As it happens, however, Rush Limbaugh is not the only one in possession of The One True Explanation.™ Politico recently asked of Robin McNeil, Jim Lehrer, and Bob Schieffer  "what do you make of the findings of the Warren Commission?"  Here are the responses, of McNeil in full and exerpts of Lehrer and Schieffer:

(McNeil): It satisfied me because I never had the time or the inclination afterward to become an assassination student or an assassination buff. I have yet to see a bit of evidence that convinces me otherwise. I thought the Oliver Stone movie was ridiculous.

(Lehrer): But I didn’t have any theories that replaced the single-man theory, shooter, and for the last 50 years, I’ve been waiting to hear that story that, OK, somebody on their death bed makes a confession that they were Lee Harvey Oswald’s driver or they helped him get the gun or whatever. That’s not happened and 50 years later, I’m pretty well satisfied that, with the absence of any provable information to the contrary, it was true that it was just one guy, Lee Harvey Oswald. And it was just unbelievable, but it happened that one man did it.

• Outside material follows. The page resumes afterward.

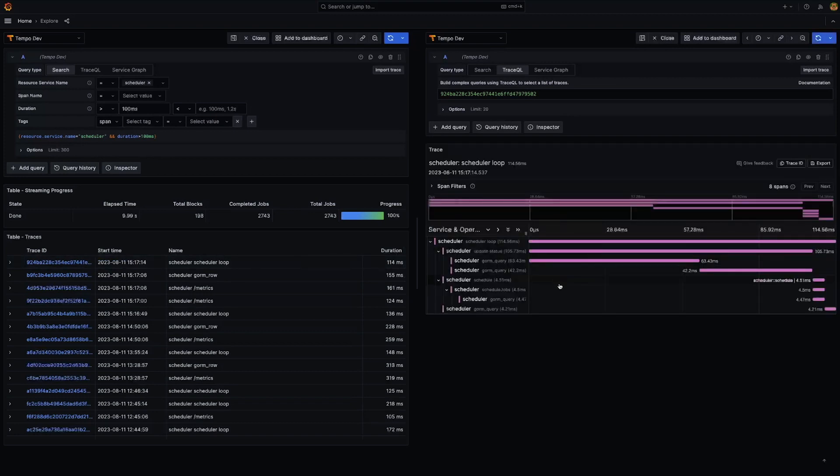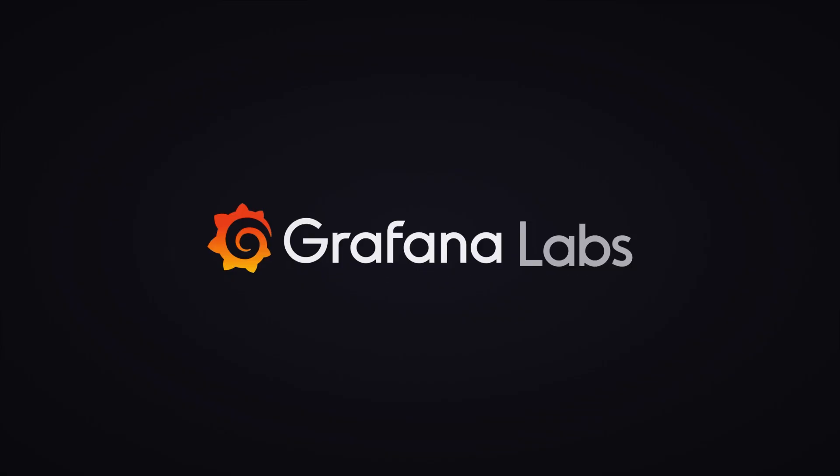Check out the What's New Document for Grafana version 10.1 to learn how to enable this feature and try it out for yourself. Thank you!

(Schieffer): .I always try to keep an open mind as to whether there may have been someone else involved in some other way. There’s no question that Fidel Castro knew that the Kennedy administration were trying to kill him and sabotage things in Cuba, but there’s never been any evidence that has been shown to me that I found conclusive that there might have been anyone other than Oswald involved.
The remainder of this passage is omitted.